Properly Dealing With Nested Errors
System that pass messages or control through nested levels of functionality and then receive responses in return need a message mechanism that clearly indicates what went right or wrong. More to the point, since the happy path functionality is most likely to work reasonably well, particular care must be taken to communicate a complete contextual description of any errors encountered.
Consider the following function:
A properly constructed function would return errors from every identifiable point of failure in detail and unidentifiable failure in general. (This drawing should also be expanded to include reporting on calculation and other internal errors.) This generally isn’t difficult in the inline code over which the function has control, but what happens if control is passed to a nested function of some kind? And what if that function is every bit as complex as the calling function? In that case the error that should be returned should include information identifying the point in the calling function, with a unique error code and/or text description (how verbose you want to be depends on the system), and within that should be embedded the same information returned from the called function. Doing this gives a form of stack trace for errors (this level of detail generally isn’t needed for successfully traversed happy paths) and a very, very clear understanding of what went wrong, where, and why. If the relevant processes can each perform their own logging they should also do so, particularly if the different bits of functionality reside on different machines, as would be the case in a microservices architecture, but scanning error logs across different systems can be problematic. Being able to record errors at a higher level makes understanding process flows a little more tractable and could save a whole lot of forensic reconstruction of the crime.
Another form of nesting is internal operations that deal with multiple items, whether in arrays or some in other kind of grouped structure. This is especially important if separate, complex, brittle, nested operations are to be performed on each, and where each can either complete or fail to complete with completely different return conditions (and associated error codes and messages). In this case the calling function should return information describing the outcome of processing for each element (especially those that returned errors), so only those items can be queued and/or retried as needed. This can get very complicated if that group of items is processed at several different steps in the calling function, and different items can return different errors not only within a single operation, but across multiple operations. That said, once an item generates an error at an early step, it probably shouldn’t continue to be part of the group being processed at a later step. It should instead be queued and retried at some level of nested functionality.
One more way to clear things up is to break larger functions down into smaller ones where possible. There are arguments for keeping a series of operations in a single function if they make sense logically and in the context of the framework being used, but there are arguments for clarity, simplicity, separation of concerns, modularity, and understandability as well. Whatever choice you make, know that you’re making it and do it on purpose.

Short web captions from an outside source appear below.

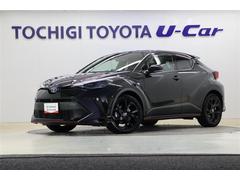 C-HR G モード ネロ セーフティプラスIII 中古車画像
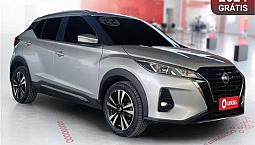 Nissan Kicks 2022 1.6 16V Flexstart Advance Xtronic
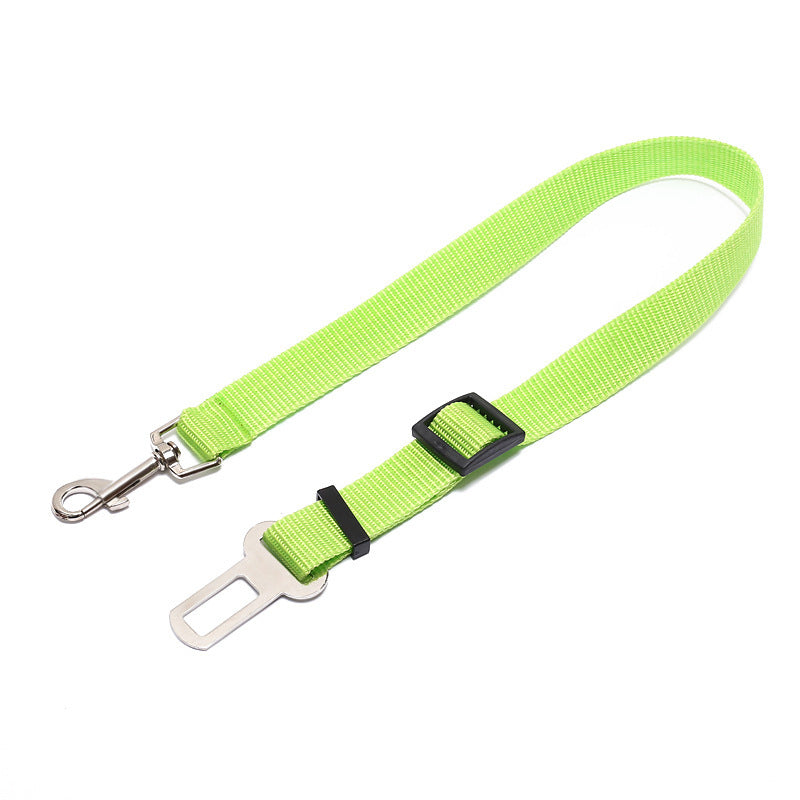 Fixed Strap Polyester Dog Leash: Durable, Comfortable & Reliable - goodestpetstore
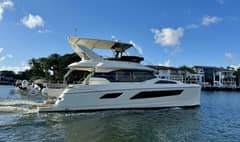 2022 Aquila Power Catamaran "ROOSTERFISH" photo 2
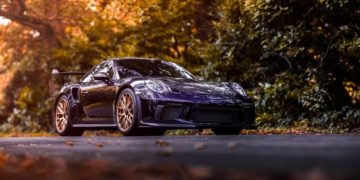 (Φωτ.: facebook.com/porscheclubhellas.gr)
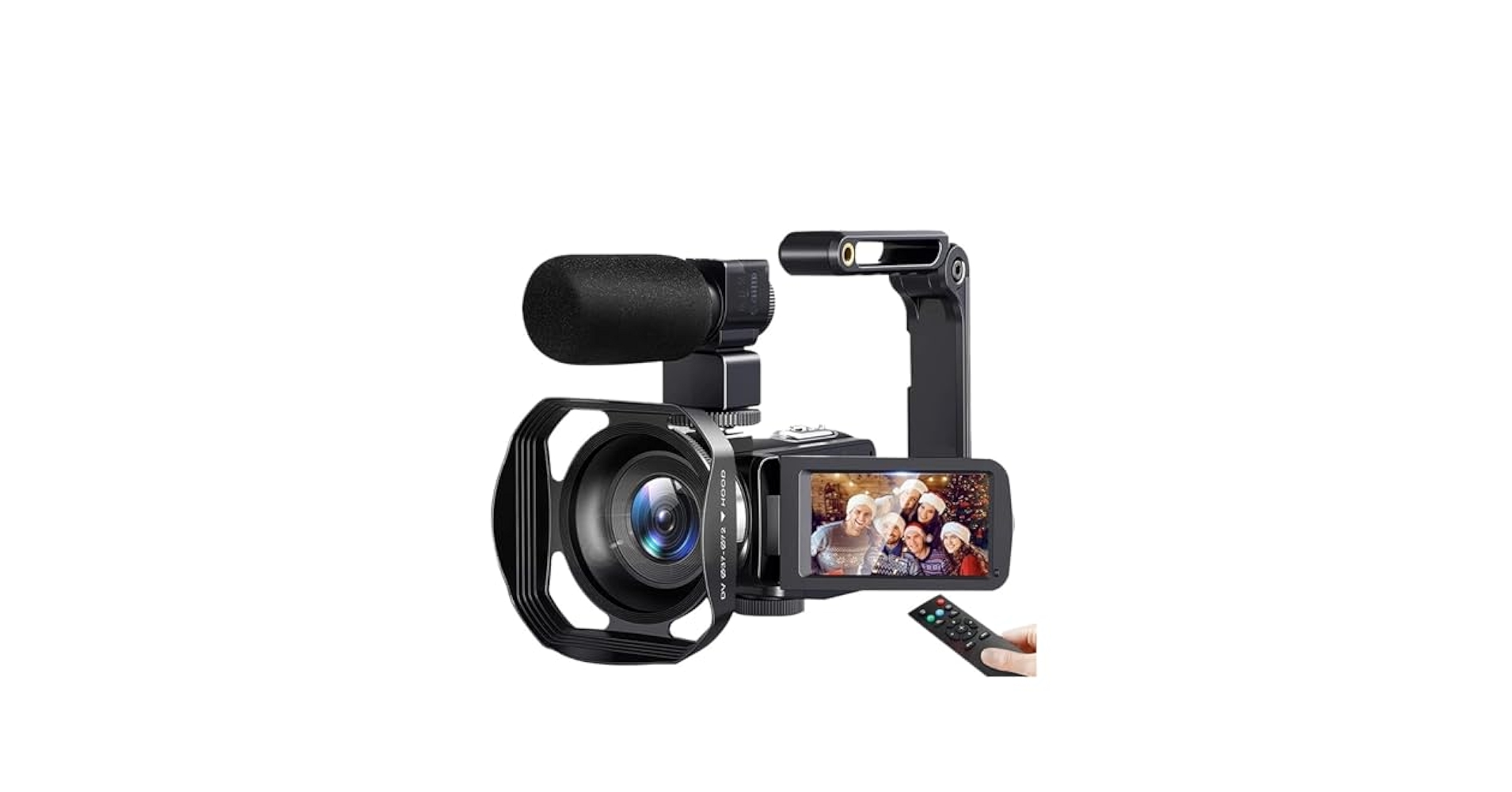 Amazon.co.jp: 8Kビデオカメラ 64MPデジタルビデオカメラ 18倍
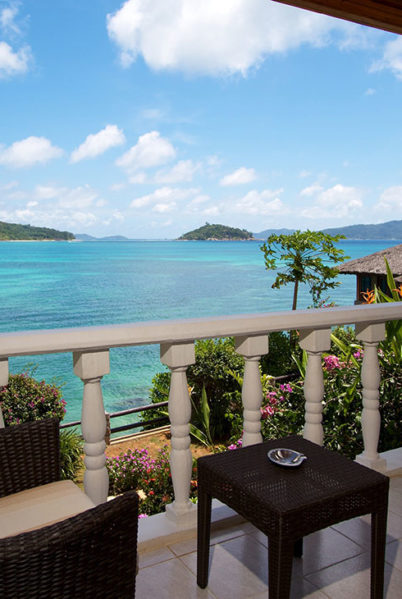 Indalo_Seychelles_Chalet Côté Mer_Appartement-balcon
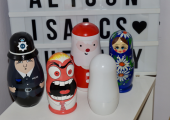 Nesting Dolls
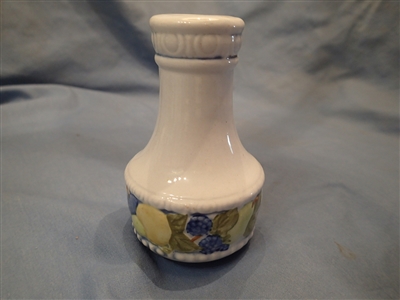 Pepper Shaker-Metlox Vernon Florence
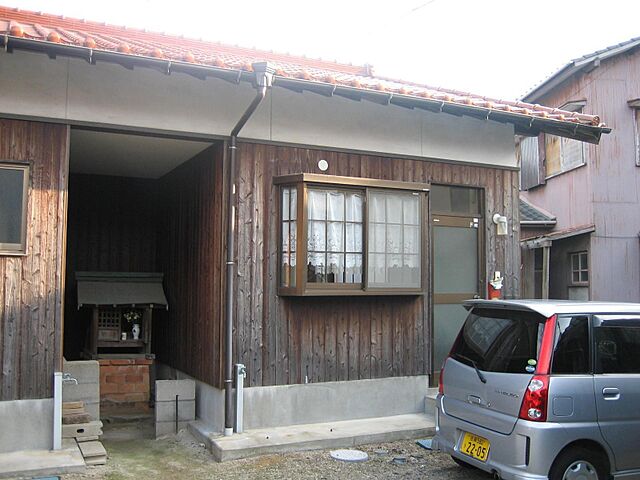 外観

If it feels like we’re imposing a lot of overhead to do error checking, monitoring, reporting, and so on, consider the kind of system we might be building. In a tightly controlled simulation system used for analysis, where calculation speed is the most important consideration, the level of monitoring and so on can be greatly reduced if it is known that the system is properly configured. In a production business or manufacturing system, however, the main considerations are going to be robustness, security, and customer service. Execution speed is far less likely to be the overriding consideration. In that case the efforts taken to avoid loss of data and events is the main goal of the system’s operation.